I just hope she can wait until 4:45 when I cen be home with her. ray:


----------



## sweetgoats (Oct 18, 2007)

OH you poor thing :hug: . Now you know what we all go through every year, and we keep doing this to ourselves. You ask WHY?? Because we are all totally crazy.

I hope she holds off for you. Goes she have any discharge yet? Some of my does will get a long discharge and others I never ever see it.


----------



## kelebek (Oct 5, 2007)

Why don't you ship her over here and I will watch her for you!!! :shrug:


----------



## bbredmom (Sep 30, 2008)

Alright, I'm going home in ten minutes. Hubby left me the computer. Hopefully there will either already be babies, or babies tonight! Donnie said they were dancing in Rosies Belly before he left. She continued to eat, almost bored with the whole thing!


----------



## sweetgoats (Oct 18, 2007)

OH, I thought you were going to tell you us have beautiful babies. :hair:


----------



## AlaskaBoers (May 7, 2008)

can't wait. someone one here said that they are giving birth very soon if their eyes are bloodshot, maybe we could see if that works? 

hoping an uneventful kidding.


----------



## toth boer goats (Jul 20, 2008)

wow.......still nothing..... :? .........I was sure she would of popped ........,,but I guess she isn't quite ready yet...............:shades:


----------



## bbredmom (Sep 30, 2008)

Still nothing.

How long can a goat be in pre-labor? Weeks? I wont last that long!

The Buck is now infatuated with her. He sticks his nose in the slot between their pens, and makes a farty noise at her. He doesn't even want to eat! They can't reach each other, so dont worry.

She's positively frisky. I dont know how many people have asked me "Are you sure she is pregnant?"

She is pregnant, right?

Here are some pics from tonite. I was sure she was going to pop last night.




























Can goat have Braxton-Hicks contractions?

Save me!


----------



## sweetgoats (Oct 18, 2007)

wow, she is a beautiful doe. From the pictures that I could see, she doesn't have much of a bag, BUT not all goats bag up BEFORE. I sure have a few that like to wait until minutes before they kid to really bag up. 
YES she is pregnant. Do you have a picture of the buck? I am just so curious. I just love her deep color.


----------



## bbredmom (Sep 30, 2008)

Thank you so much! Her color has gotten darker with her winter coat...I can't wait to see what the babies look like.
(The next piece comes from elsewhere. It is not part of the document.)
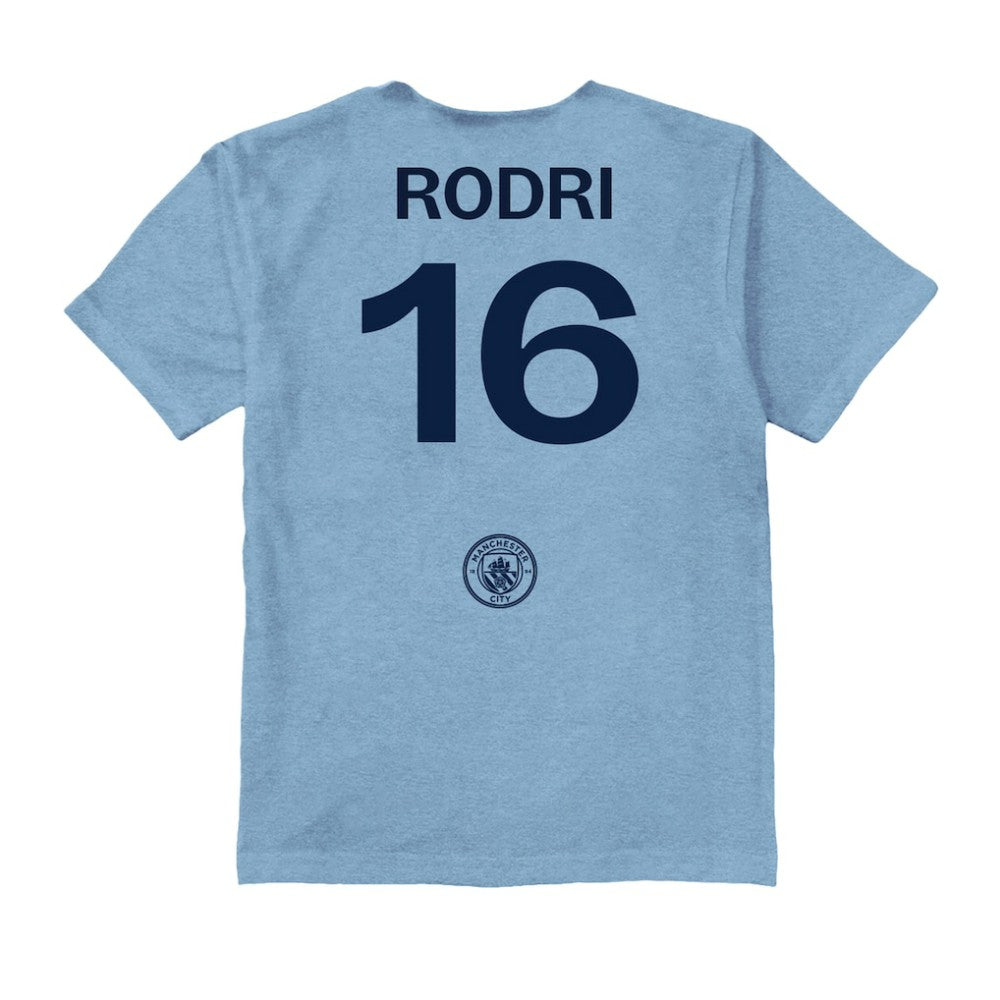Rodri Manchester City Vive La Fete Youth Player Name & Number Color Badge T-Shirt Light Blue - FIFA World CUP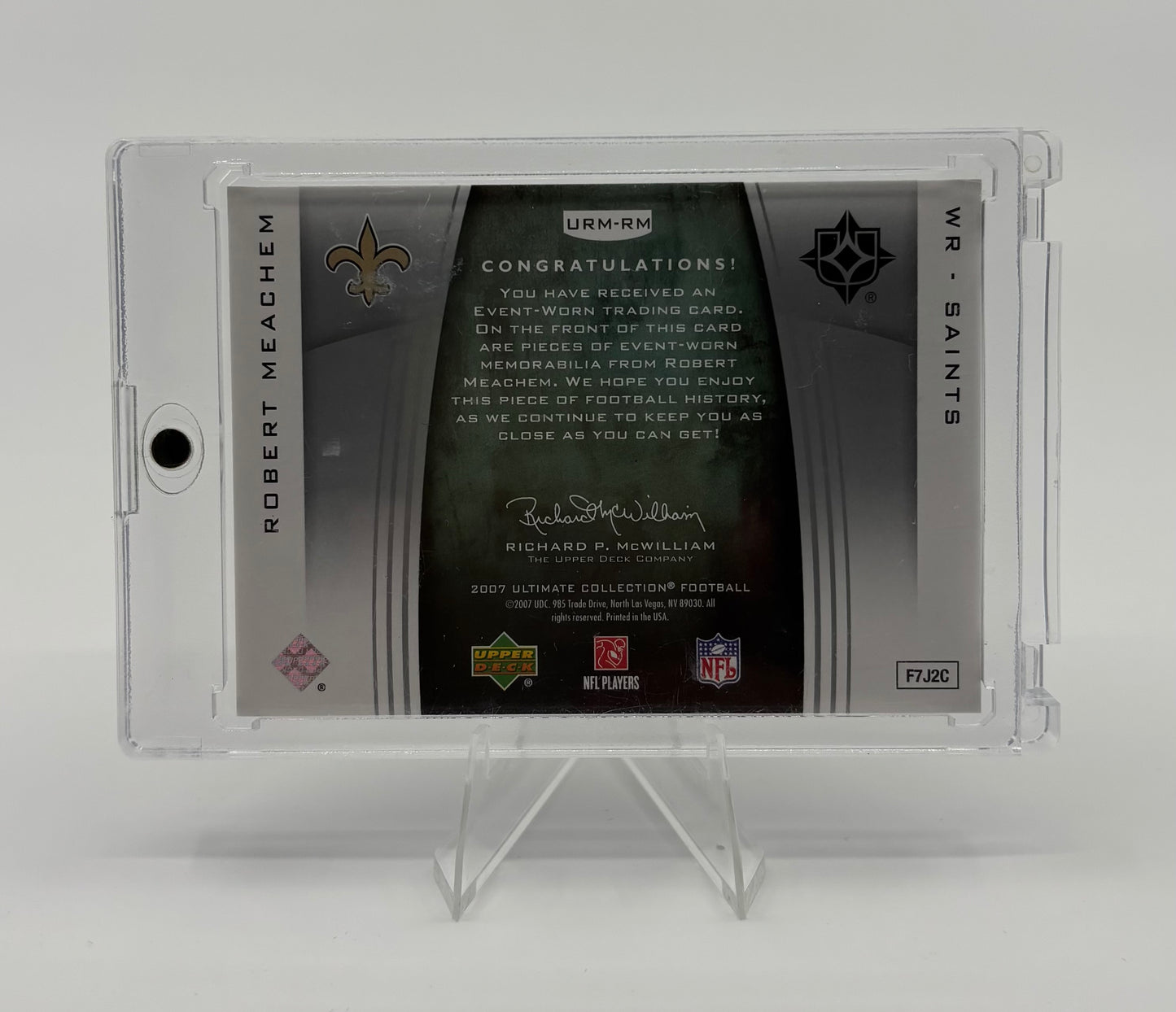 2007 Ultimate Collection - Ultimate Rookie Materials Robert Meachem #URM-RM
Her bag is bigger than it looks in the pictures. Her teats are HUGE! Almost porno goat.

Here is Jack. We lost him and our lil bit three weeks ago. Dogs dug under my fence, killed Lil bit outright (who was also pregnant), and Gravely wounded Jack. He hun on till we got home. We had to put him to sleep two days later, so these babies are doubly special to us.

Wasn't he handsome!










Rosie and Lil'Bit


----------



## sweetgoats (Oct 18, 2007)

Oh these babies are going to be so special. I am so sorry that you lost them, I must of missed that post. 
Yes he was a very handsome boy.


----------



## AlaskaBoers (May 7, 2008)

anything? beautiful doe btw


----------



## sweetgoats (Oct 18, 2007)

OK, is no news going to be good news? ray:


----------



## kelebek (Oct 5, 2007)

Just talked with Kate - she is at work - NO babies.

However, this doe was bred to where she could be on day 150 between 10/30 and 11/5. So this soe would be hitting 145 tommorrow if she took on the very first day that they were together.

I told her that the doe is just messing with her because they are both new to this - and you know, it is the Code coming out. :ROFL: :ROFL: 

She is in a meeting - but I will let you know anything that I hear.

Kate - they will come, I promise!!!


----------



## AlaskaBoers (May 7, 2008)

yeah, i cant wait till feb starts with kidding season. :ROFL:


----------



## bbredmom (Sep 30, 2008)

I dont know how you multiple-doe folks stand it! There must be good drugs floating around out there that I dont have....

She is desperately bored. I let her out yesterday to play with Etta and our wether Sundance, and instead of playing, she started harrassing and butting Etta! Almost flipped her on her side. Of course, then sundance felt the need to stand up for Etta, and Sophies was trying to protect Rosie....

Then I treid to walk her on lead, but she laid down and wouldn't move.

Its a mess! I'm a mess! Hubby is insane!


----------



## Di (Jan 29, 2008)

I understand completely! Hang in there, you are NOT going crazy. It just seems like it. :GAAH:


----------



## sweetgoats (Oct 18, 2007)

OH Kate, Welcome to the Wonderful world of goats. YEP, they do totally drive you insane BUT it is a insane that I totally look forward to when it comes to that time.

I do believe that is why we are all here, so we can ntalk to others and see we are NOT the only ones that are going crazy.


----------



## bbredmom (Sep 30, 2008)

Y'all, I'm starting to get depressed. I know that sounds melodramatic, but tonite her contractions have settled down to almost nothing. Her vulva isn't puffy at all, and I'm sick of my family asking "are you sure she's pregnant?"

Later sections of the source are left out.